Before I could object (but really what would I be objecting to, my siblings moving on with their lives?) cars were repacked to the brim and plane tickets were purchased. I was somehow finally an only child.
When I had least expected it, it happened; I lost my siblings and gained an entirely new lifestyle.
Back when the occupancy of my home was constantly changing, it was as if I was in this grey area filled with ambiguity. When quarantine hit, that grey area was quick to dissolve. My siblings were back home and I felt a strong sense that life would be plain and simple. Things shifted from the haze of grey to a solid, definite shade of black. In contrast, everything seemed to go white when I became an only child. White as a blank slate, which I suppose was what my life was becoming.
Each change became more abrupt than the last, and all the more irreversible.
Ten months later, I’m still not used to it. And if I was, maybe I’d have a nice and wholesome conclusion to offer.
I would be able to say that despite the downcast turn of events, I’ve come out of this experience stronger, I’ve grown as an individual, and even come to peace with this new normal I’ve had no choice but to adopt.
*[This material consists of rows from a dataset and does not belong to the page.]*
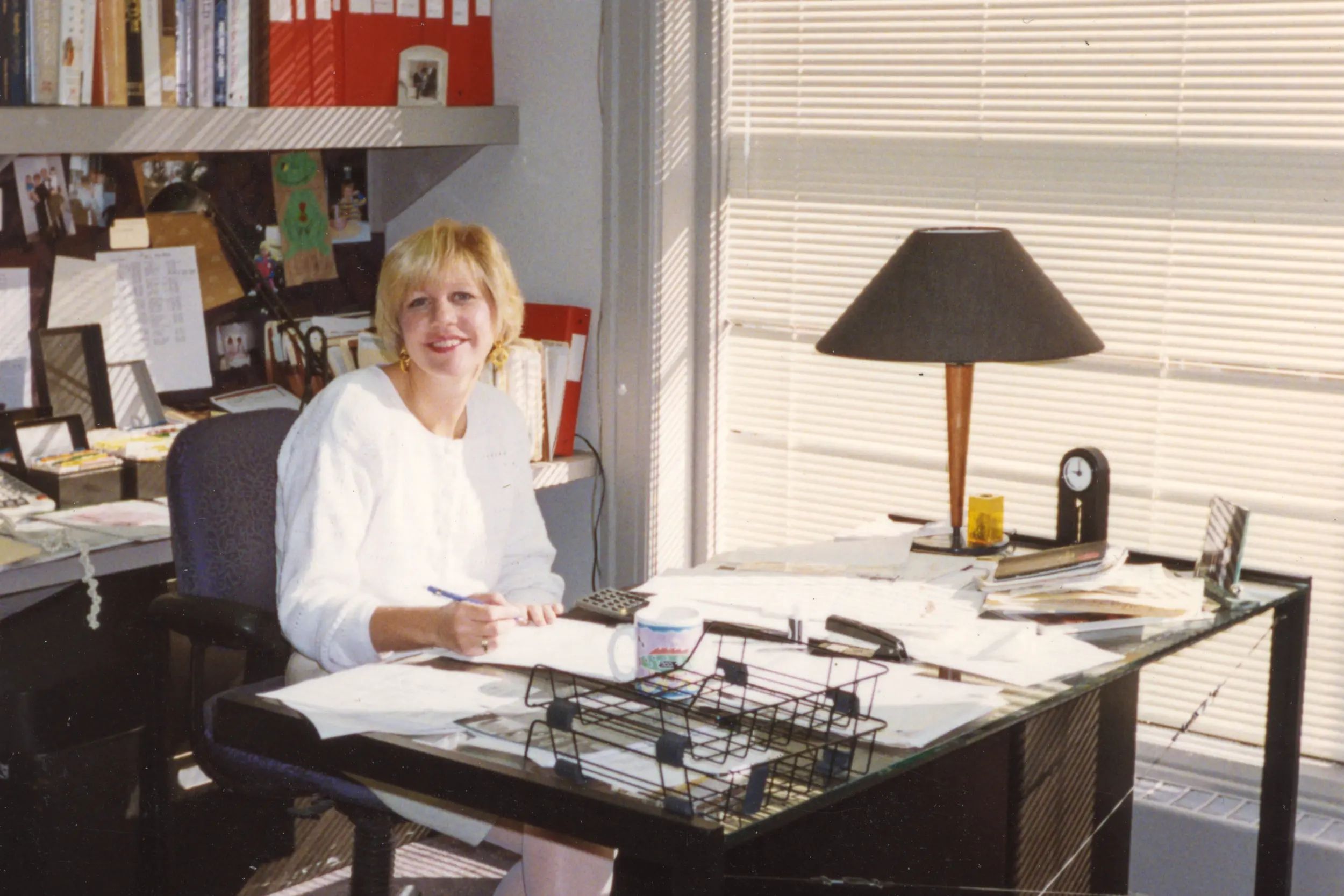 Woman in white sweater sitting at a cluttered desk with papers, lamp, and office supplies near window blinds.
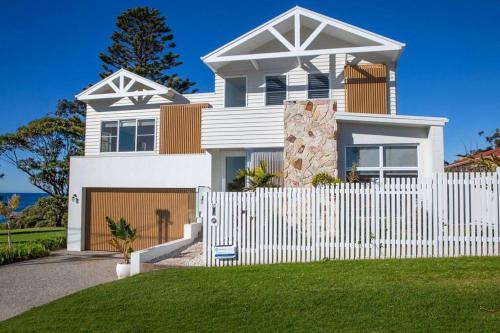 a white fence in front of a white house at LegaSea Lodge - Pet Friendly Beachfront Plunge Pool in Shellharbour
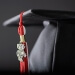 Closeup of a black cap from cap and gown with red and white tassel with small Bucky Badger charm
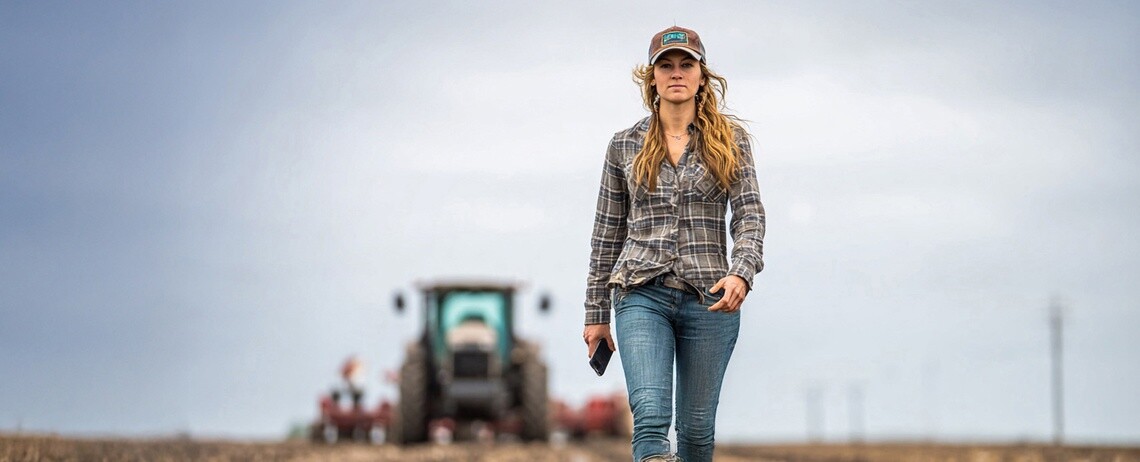 A tractor blurred in the background with a female in a baseball cap walking in the foreground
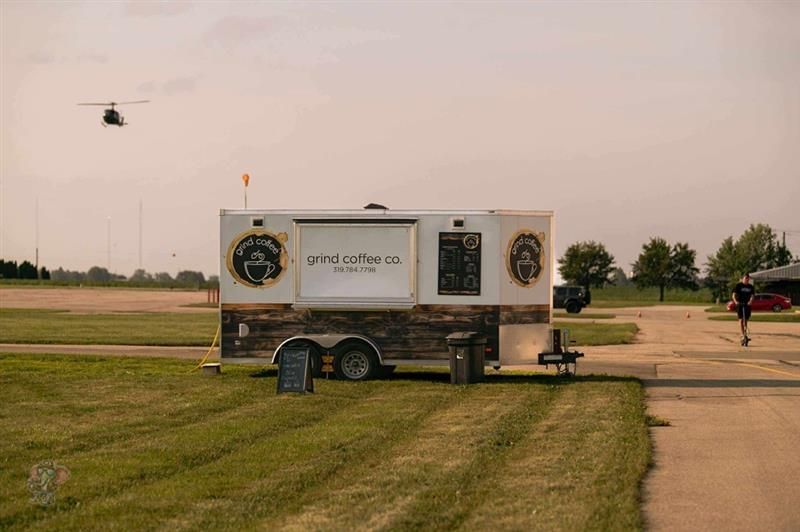 Coffee trailer on grass, a helicopter in the sky, and a person running.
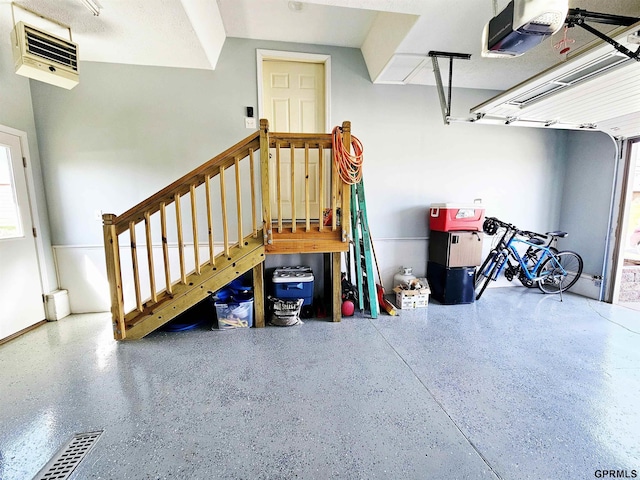 108 W Ridge St, Sutton, NE 68979 - garage featuring a garage door opener and a heating unit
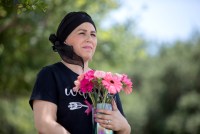 A portrait of a woman wearing a black scarf around her head, holding a vase of pink flowers.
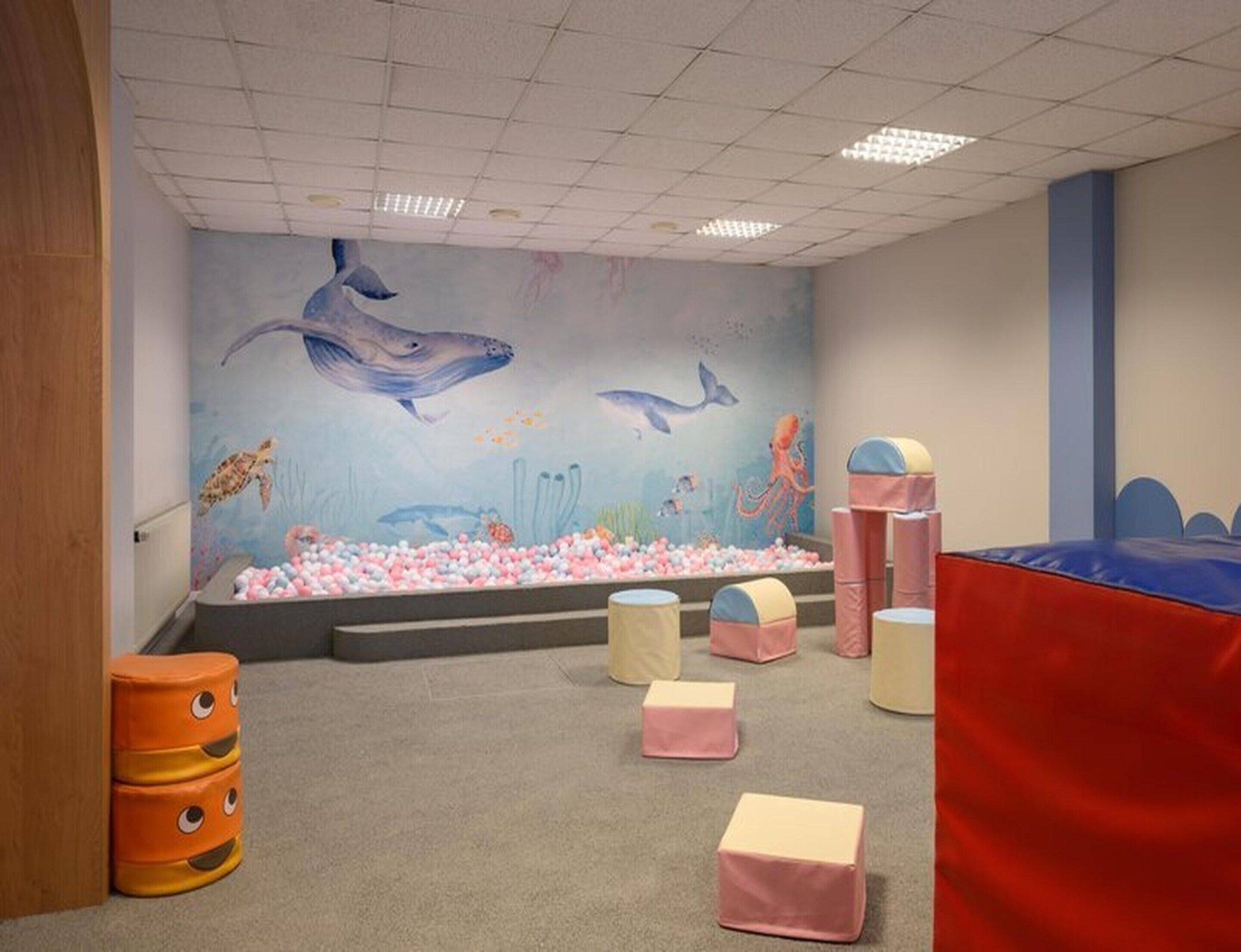 Zona de juegos infantiles con un mural de criaturas marinas, piscina de pelotas y mobiliario acolchado.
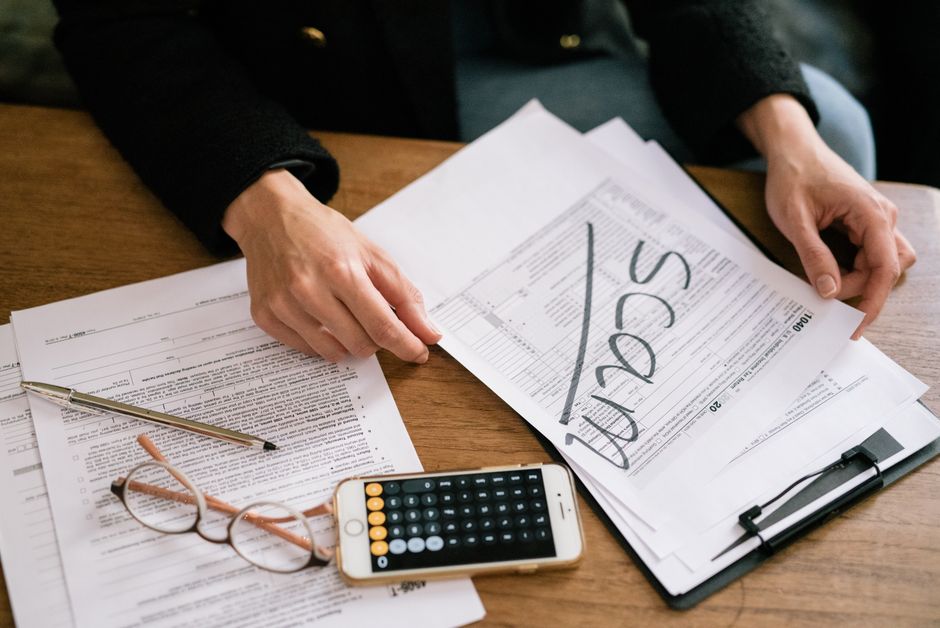 Mãos examinando formulário fiscal com calculadora e papéis na mesa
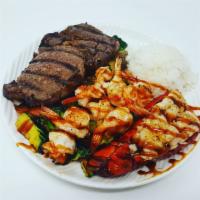 Sea Island Combination · 6 oz. lobster tail, Angus ribeye and grilled shrimp. Served with choice of side, steamed ric...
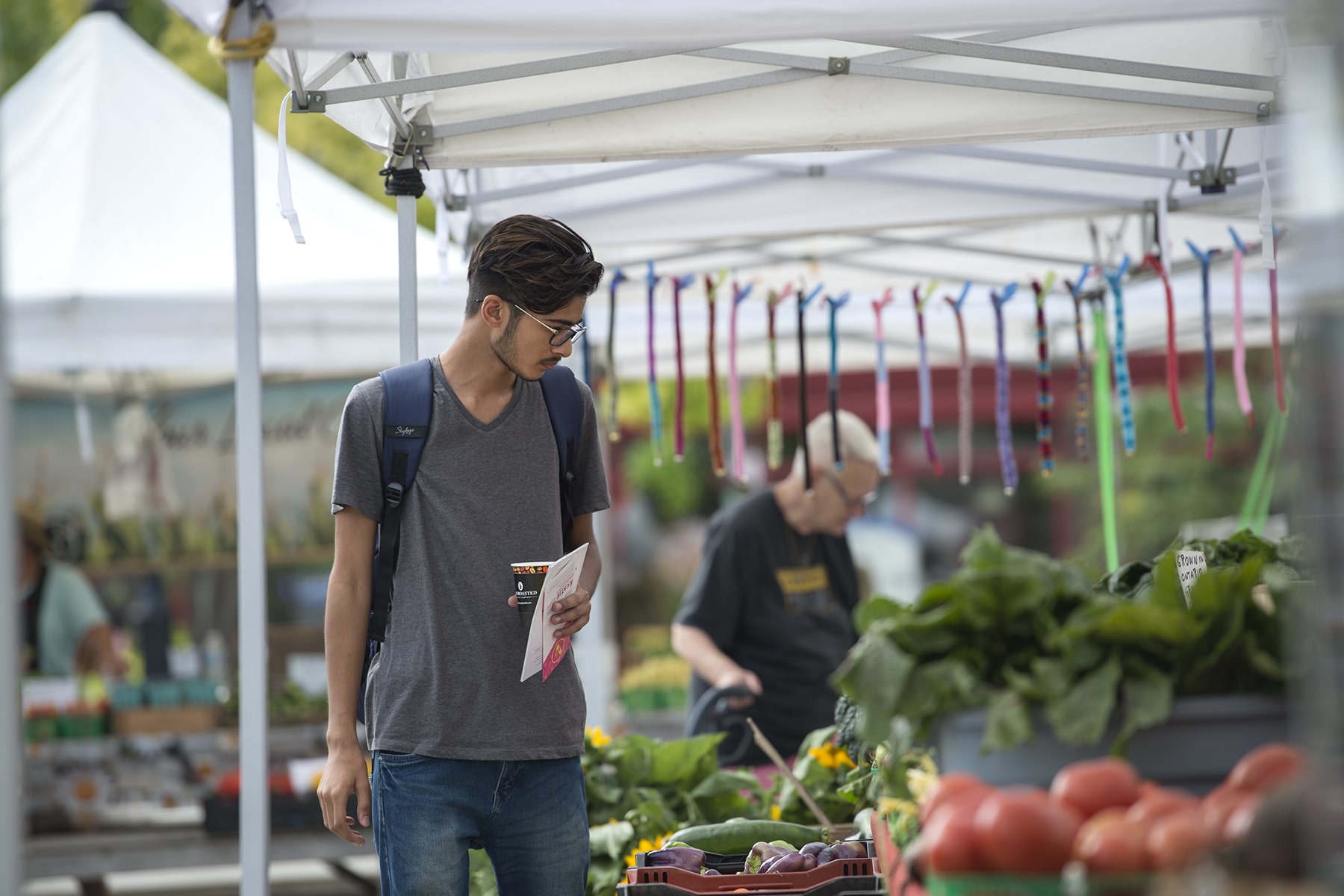 man looking at shelf of groceries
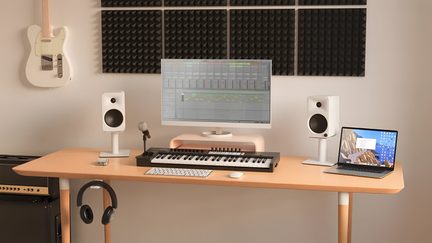 Heller Holztisch von vorne gesehen, ausgestattet mit zwei weißen Monitorlautsprechern auf Ständern, einem zentralen Computerbildschirm, einem schwarz-weißen Masterkeyboard, einem grauen Mikrofon auf Stativ, einer grauen Maus, einem geöffneten Laptop und einem aufgehängten schwarzen Kopfhörer, das Ganze vor schwarzen Akustikpaneelen platziert.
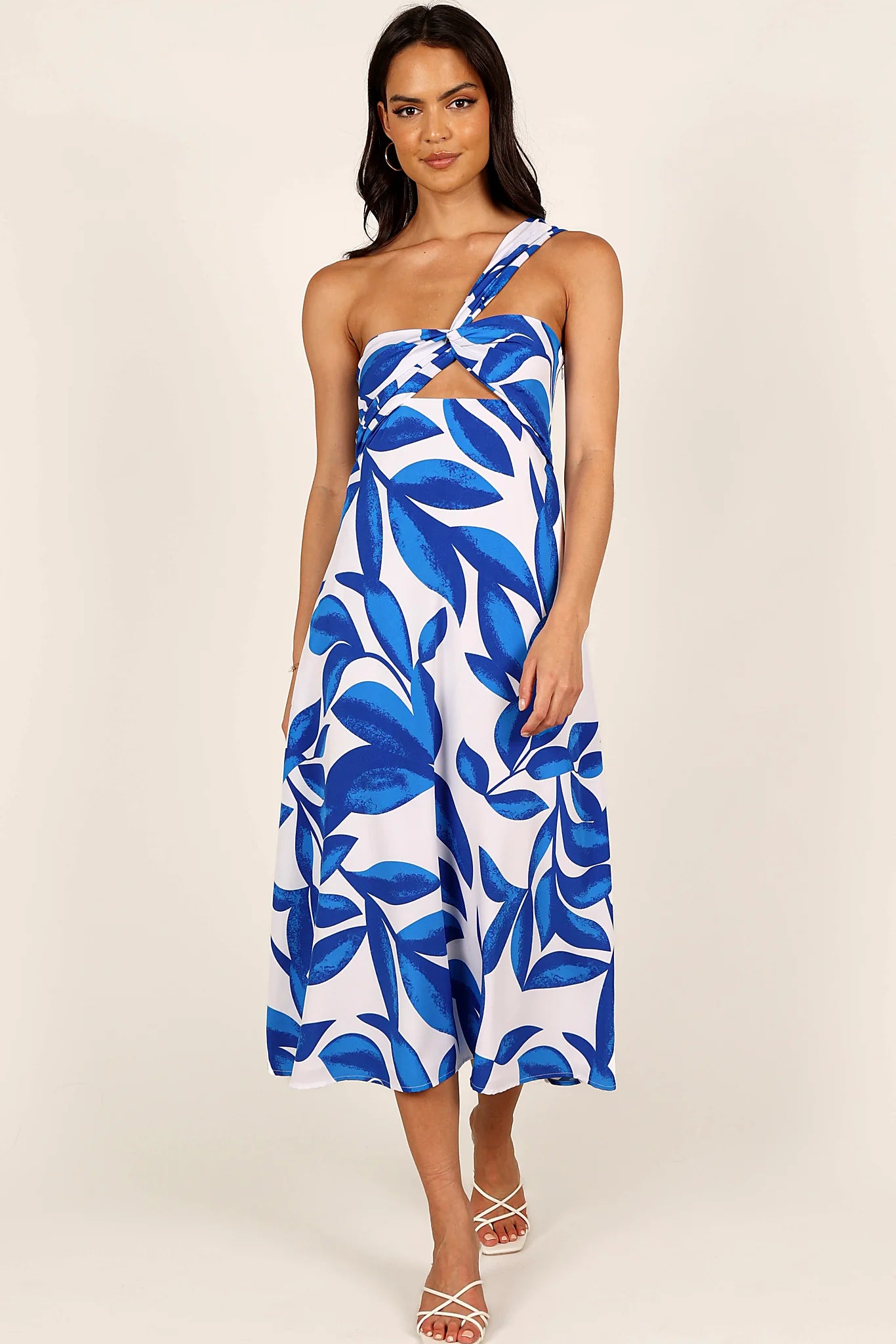 Back view of a white/blue midi dress, showing the fabric and hem finish
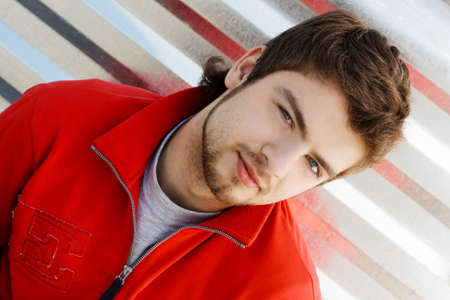 Hansdsome young man in red jacketの写真素材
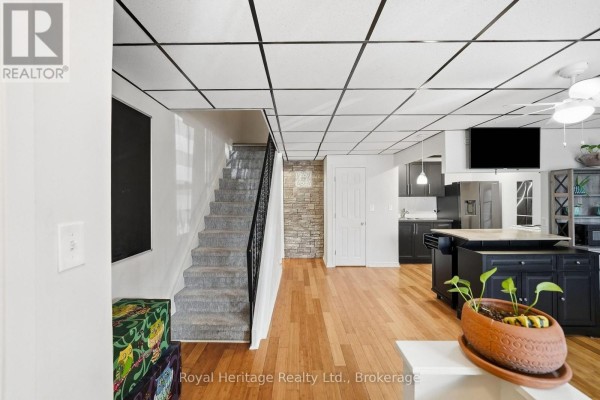 Open-concept living area with staircase, stone wall, dark cabinets, and island. - 13 - 162 Cromwell Street, Trent Hills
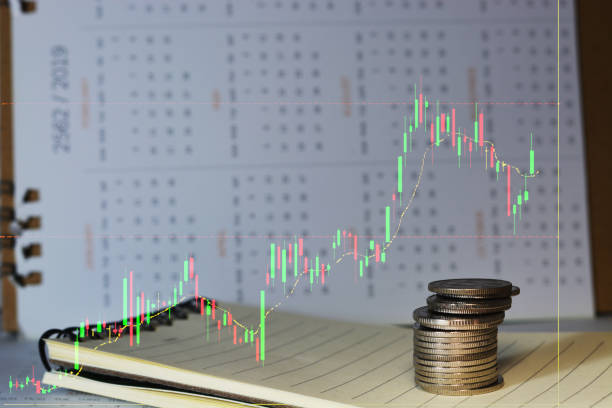 Coins stacks with financial graph on notebook, calendar background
Unfortunately, that is not what has happened seeing as I’m still not used to it. To three spare bedrooms, complete with empty closets and bare walls. To a house that’s actually quiet at night. Even now, I miss the texts I would receive at two in the morning telling me to “come unlock the door, i forgot my key.”
More often than not, I spend my time missing them. Missing the life I lived for more than a decade. Of course, I wouldn’t have it any other way. I’m happy that my siblings are working towards their future and continuing with their lives.
But when everyone was busy reminding me of all the perks that accompanied being the youngest of four, they neglected to inform me of this part. The part that I simply never desired.